After I created the flip the overall pattern sort reminds me of the Free Mason's logo and the all seeing eye but I didn't intend that.
Ed, a Zen question for you - why does there have to be a why? Isn't it enough to elicit an emotional response from viewers of your work? I don't think everyone wonders why or how, they just appreciate or not. When I am moved by a work of art, like a beautiful sunset, I don't ask either question. In the context of a critque forum it makes sense to ask how, but why seems to me to be a personal issue that needs no justification. To me, vision is either there or not, it doesn't need to be intellectualized. Of course, I could be wrong...
First, let me say that I don't wish to hijack someone else's post with a philosophical discussion so I will try to briefly explain my views.
Because I think that the why is what separates the photo from the snapshot. Now that may be spitting hairs, I admit. The person who jumps out of the car, races out to Glacier Point, snaps a few pictures of the valley below and moves on is not thinking why or how. When we take an image into post-processing, I feel it should be with the goal of making it better. Making it different is not enough. We have so much software available at our fingertips that sometimes I believe the reason for doing something can be summed up as because I can and not to make the image necessarily better. I keep underlining I because I can only speak for myself.

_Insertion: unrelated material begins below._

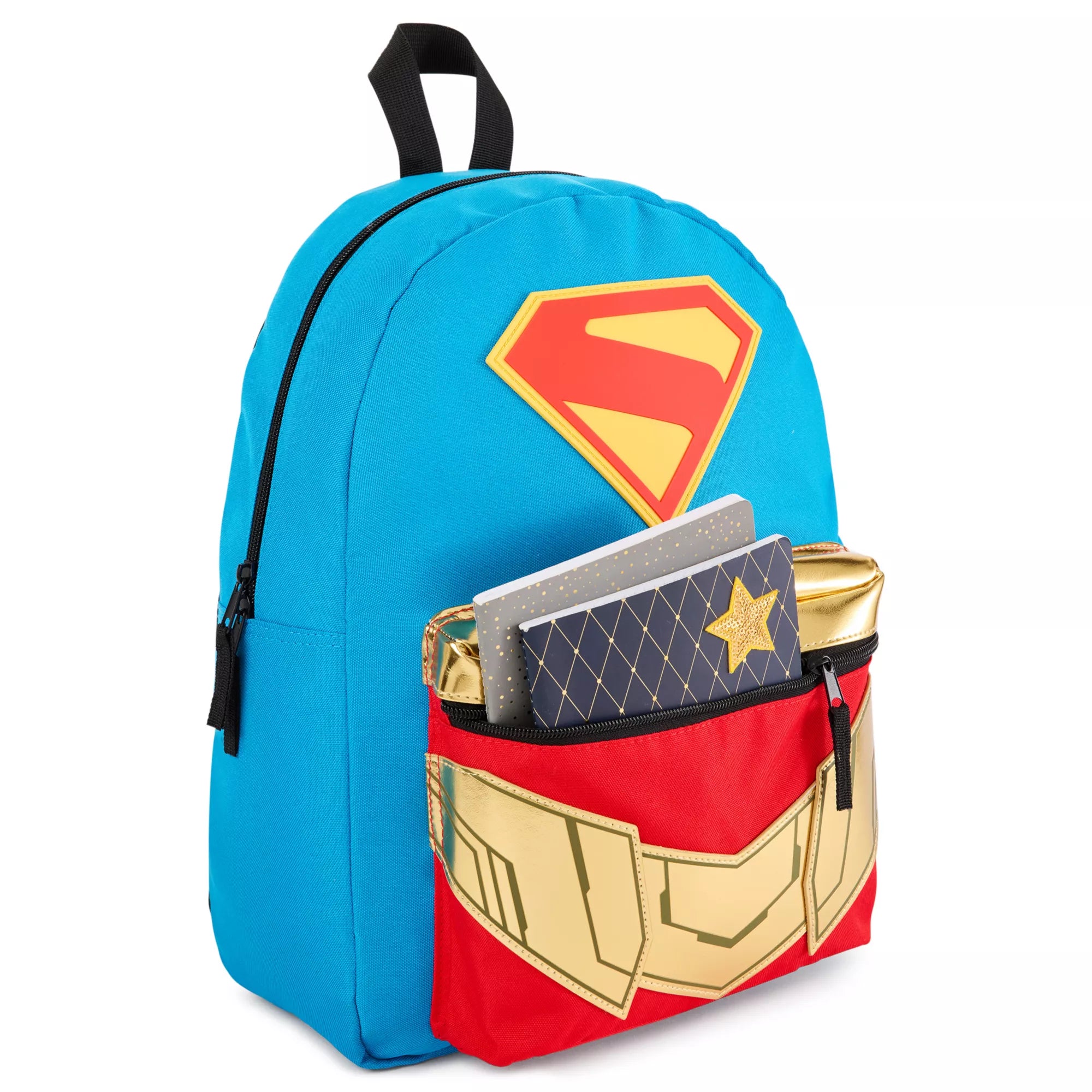 Flip Pak Supergirl Reversible Backpack - DC Comics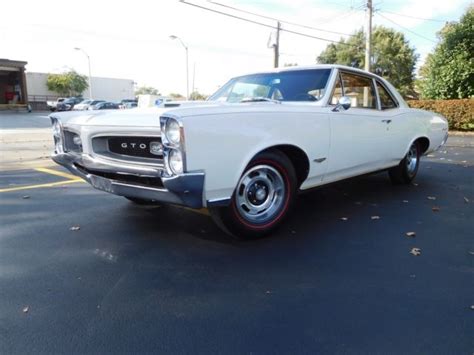 1966 Pontiac Gto Unrestored 69000 Miles For Sale Photos Technical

Maybe. I want all my work to elicit an emotional response. You can love it. You can hate it. Just don't say it's nice. Nice is damning it with faint praise. As you scan through the forums, how many images do you truly remember? I would content they are the images that you either really loved or really didn't. The ones in the middle get lost. I agree not everyone wonders why. But I do think that the person looking at it as art is more likely to. And I do think that the artist should, at some level, know why she/he made the image.
I agree that you don't have to justify why. But I do think you should be able to answer why.
I don't know that intellectualize is necessarily the right word. My academic training those many years ago was in psychology and my relatively newfound love of photography has stirred an interest in understand the creative process as it applies to photography. I am reminded of a quote from Susan Sontag's "On Photography". She said "photography has become almost as widely practiced an amusement as sex and dancing - which means that, like every mass art form, photography is not practiced by most people as an art." I am interested in the art of photography.
... and so could I! ;):)
I have drifted far afield from Joel's original post and for that, I apologize.
I would say there's room for both: being deeply seriously artistic and just being spontaneous, crazy and having fun! Neither right nor wrong.
I agree, and thanks Ed for the discussion!
The final word is yours, Joel! Glad you took the critique and discussion in the spirit it was meant to be. See ya down the board.